Un paquet de pâtes alphabet présente plusieurs avantages. Faible coût, facilité d’acquisition, extrême maniabilité, packaging minimal à faible potentiel d’ambiguïté marketodiscursive, sans oublier qu’un seul paquet fournit des milliers de petits sujets. Or il se trouve qu’un tel paquet sommeillait sans ronchonner dans un placard de ma cuisine. Un paquet de 500 grammes de pâtes alphabet, autant dire 500 grammes de toutes petites lettres.

Premier constat, un paquet de pâtes alphabet ressemble un peu au torse d’un catcheur qu’on aurait décapité, amputé de ses membres et auquel on aurait passé un tee-shirt faiblement coloré.

Je me saisis du paquet, comme si je venais de découvrir tout l’or du monde. J’écris « tout l’or du monde » parce qu’en d’autres temps j’aurais pu m’exclamer que je ne compterais les lettres d’un paquet de pâtes alphabet sous aucun prétexte et certainement pas « pour tout l’or du monde ». Sauf que, à cet instant précis, l’unique destination de ce paquet de pâtes alphabet était bien de s’en laisser compter et de me faire perdre un peu de ce temps qui, parce que je pouvais décider de le perdre, me redevenait si précieux. Chercher « l’or du temps », si vous voulez (dans lequel s’entend un « hors du temps » qui me plaisait assez). Une fois exfiltré du placard, je n’eus aucune difficulté à faire céder la pastille en plastique adhésif qui fermait le paquet de pâtes alphabet et j’en versai le contenu dans un grand bol bleu.

Il est assez impressionnant et, consécutivement, un peu intimidant de réduire ce commencement de grande aventure au geste si banal de se saisir d’un paquet de pâtes alphabet et de se dire que, là, instantanément, l’ordre du monde puisse en être irréversiblement transformé. On ne fait pas toujours ce que l’on ne veut pas et ça, c’était déjà le début de la révolution.

Je donne tout de suite le résultat, ce sera plus pratique pour comprendre ce qui va suivre. Mon paquet de 500 grammes de pâtes alphabet contient 27 623 lettres de l’alphabet latin. Toutes mes observations concernent exclusivement l’alphabet tel qu’il est utilisé dans la langue française de la première moitié du XXIe siècle.

Je doute que chaque paquet de pâtes alphabet contienne exactement le même nombre de lettres de l’alphabet. Je laisse à d’autres le soin de vérifier. Deux paquets de pâtes alphabet qui contiendraient le même nombre de pâtes, et pour chaque lettre, le même nombre d’unités, donneraient à ce hasard en soi extraordinaire un caractère miraculeux. C’est-à-dire monstrueux.

Je poserai donc comme préalable que le paquet de 500 grammes de pâtes alphabet que je soumis à un comptage scrupuleux réalisé du 18 au 31 mars de l’année 2020 contient 27 623 lettres de l’alphabet.
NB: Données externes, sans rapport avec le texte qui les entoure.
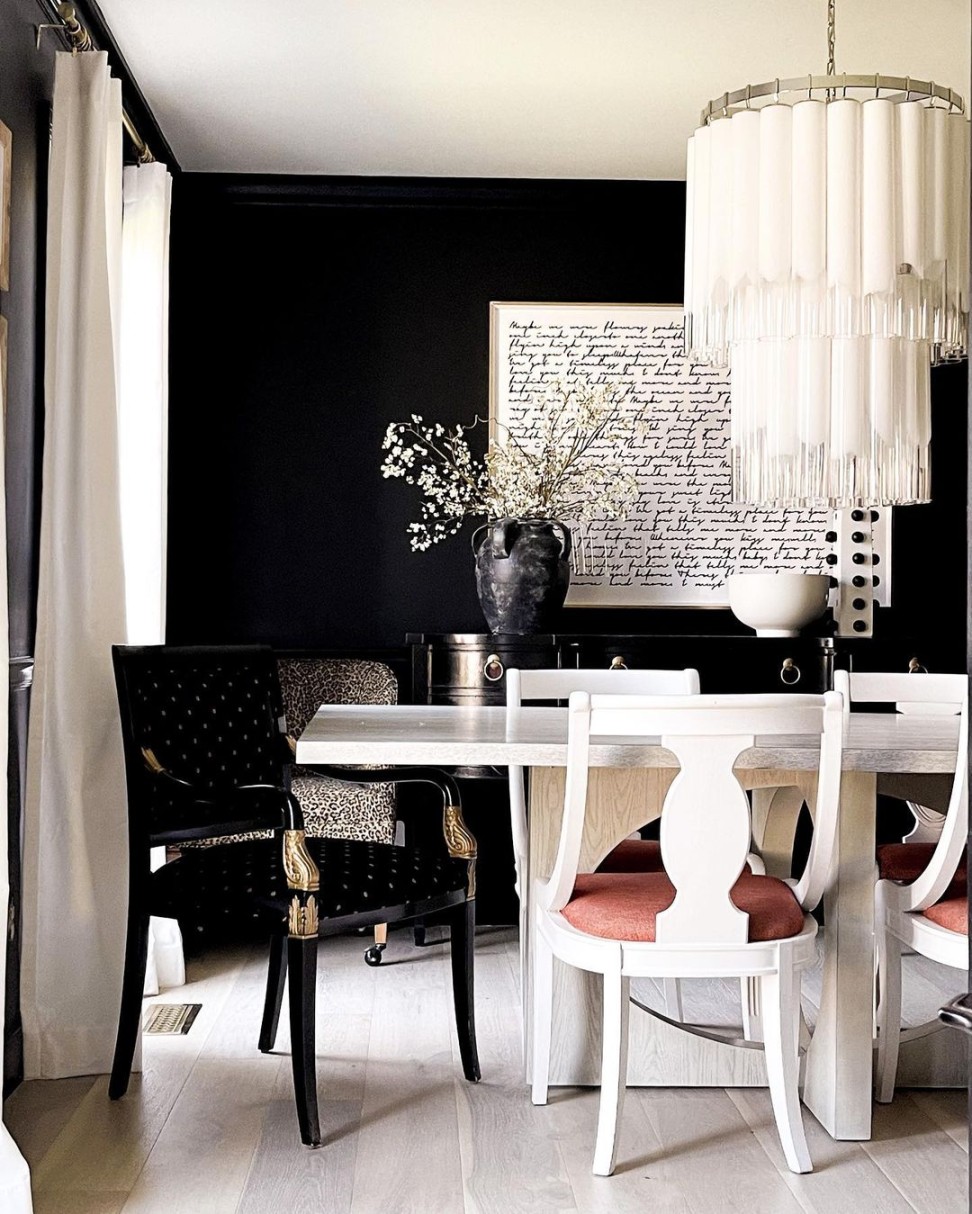 Stylish Dining Room Decor Ideas  Clare Paint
Ce qui met le poids de la lettre à environ 0,0181 gramme et le prix de la lettre à environ 0,00002715 euro. Une misère.

J’avais très naïvement imaginé que l’opération de triage des pâtes serait l’affaire de deux ou trois soirées. Or, y consacrant environ quatre heures par jour, il me fallut quatorze jours pour trier les 27 623 lettres du paquet de pâtes, soit environ 1 973 lettres triées chaque jour (un peu plus de huit opérations de triage à la minute, sept secondes et demie par lettre traitée, ce qui n’est pas rien compte tenu des brefs temps d’arrêt pour activités diverses telles que vapotage, soulagement de démangeaisons, etc.).

À l’opération de tri succéda une très logique opération de comptage de chaque lettre de l’alphabet des pâtes alphabet.
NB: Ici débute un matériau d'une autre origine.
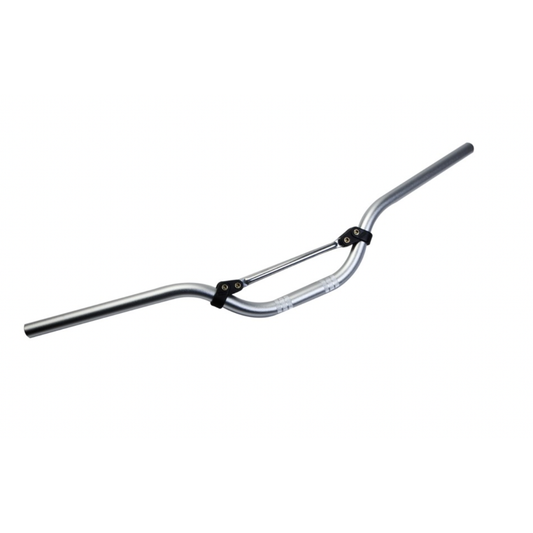 Domino 7/8 Trials Handlebars Silver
J’observais qu’il m’eût été impossible de noter toutes les pensées qui me traversaient l’esprit pendant le comptage des pâtes. Lorsque l’on pense à ses pensées, celles-ci paraissent subitement ne plus penser qu’à la pensée d’y penser. Penser à ses pensées fait s’éloigner toute pensée qui ne penserait pas à ces pensées. Mais j’ai déjà abordé le sujet. Au passage, je me rendis compte que je ne pensais jamais aux lettres de l’alphabet que j’utilise pourtant des milliers de fois par jour (et qui se trouvent rangées, à disposition, Dieu sait où, dans l’intérieur de ma tête. Même au réveil je n’ai pas besoin de les faire redémarrer. Elles sont déjà sur le pont).
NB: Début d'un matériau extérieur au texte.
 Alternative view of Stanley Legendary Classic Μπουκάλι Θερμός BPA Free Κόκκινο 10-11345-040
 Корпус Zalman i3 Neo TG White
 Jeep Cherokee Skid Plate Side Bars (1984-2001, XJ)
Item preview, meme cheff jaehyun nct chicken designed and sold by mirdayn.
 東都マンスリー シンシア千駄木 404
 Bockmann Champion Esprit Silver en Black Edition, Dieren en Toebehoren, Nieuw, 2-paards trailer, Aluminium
Je versai les 27 623 pâtes dans le bol bleu déjà évoqué puis disposai sur le parquet du salon (du paquet au parquet), vingt-six réceptacles à pâtes (verres à pied, verres à whisky, flûtes et coupes à champagne, verres à cognac, tasses à café) sous chacun desquels je glissai une feuille de papier portant mention de la lettre correspondante.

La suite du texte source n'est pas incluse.